Terug

Geen rechtsherstel box 3 ondanks lagere aanslag

6 maart 2025
Inkomstenbelasting

Een Nederlandse belastingplichtige heeft onroerende zaken in Frankrijk en Duitsland en staat voor een bijzonder fiscaal dilemma. Ze vraagt de Belastingdienst om de Wet rechtsherstel box 3 toe te passen op haar aangifte over 2019, ook al leidt dit tot een hoger belastbaar inkomen. Waarom? Omdat de uiteindelijke belastingaanslag door een andere voorkomingsregeling tóch lager zou uitvallen.

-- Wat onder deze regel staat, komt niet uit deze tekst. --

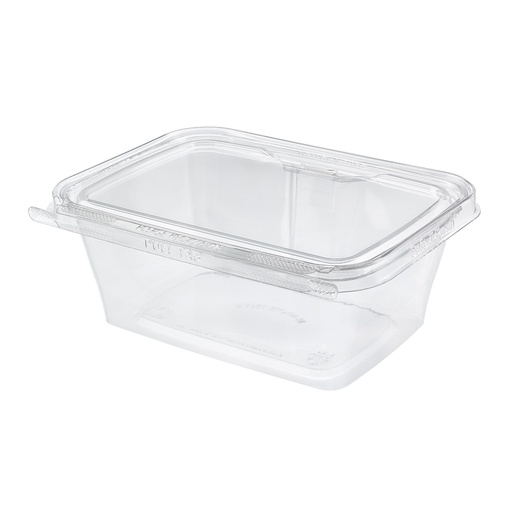 [CH32DEF] 32 oz Hinged Rectangle Tamper Container Flat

De rechtbank oordeelt over deze ogenschijnlijk vreemde situatie: kan een regeling bedoeld als voordeel voor belastingplichtigen worden toegepast als deze het belastbaar inkomen verhoogt?

Wat is het verschil tussen de twee berekeningsmethoden?

Bij de reguliere berekening van box 3 komt de belastingplichtige uit op een belastbaar inkomen van € 37.909. Na de aftrek ter voorkoming van dubbele belasting bedraagt haar te betalen belasting € 3.347.

Bij toepassing van de Wet rechtsherstel box 3 zou haar belastbaar inkomen hoger uitvallen: € 42.808. Door een gunstigere regeling voor het verrekenen van in het buitenland betaalde belasting zou haar uiteindelijke belastingaanslag echter lager zijn, namelijk € 2.421. Dit is een verschil van ruim € 900 in het voordeel van de belastingplichtige.

Standpunt Belastingdienst

De Belastingdienst wijst echter op de tekst van de Wet rechtsherstel box 3. Daar staat duidelijk dat de wet alleen mag worden toegepast "voor zover dit tot een lager voordeel uit sparen en beleggen leidt". Aangezien het belastbaar inkomen juist stijgt van € 37.909 naar € 42.808, is niet aan deze voorwaarde voldaan. Het feit dat de uiteindelijke belastingaanslag lager zou zijn, doet volgens de Belastingdienst niet ter zake.

Hoe oordeelt de rechtbank?

De rechtbank oordeelt dat de Belastingdienst gelijk heeft. De wettekst is duidelijk: de Wet rechtsherstel box 3 mag alleen worden toegepast als dit tot een lager belastbaar inkomen uit sparen en beleggen leidt. De rechtbank ziet geen ruimte in de wet of de wetsgeschiedenis om af te wijken van deze voorwaarde.
Het feit dat de belastingplichtige door een andere berekening van de aftrek ter voorkoming van dubbele belasting uiteindelijk minder belasting zou betalen, is volgens de rechtbank niet relevant. De wet kijkt alleen naar het effect op het belastbaar inkomen, niet naar het effect op de uiteindelijke belastingaanslag.

Kunnen belastingverdragen hier verandering in brengen?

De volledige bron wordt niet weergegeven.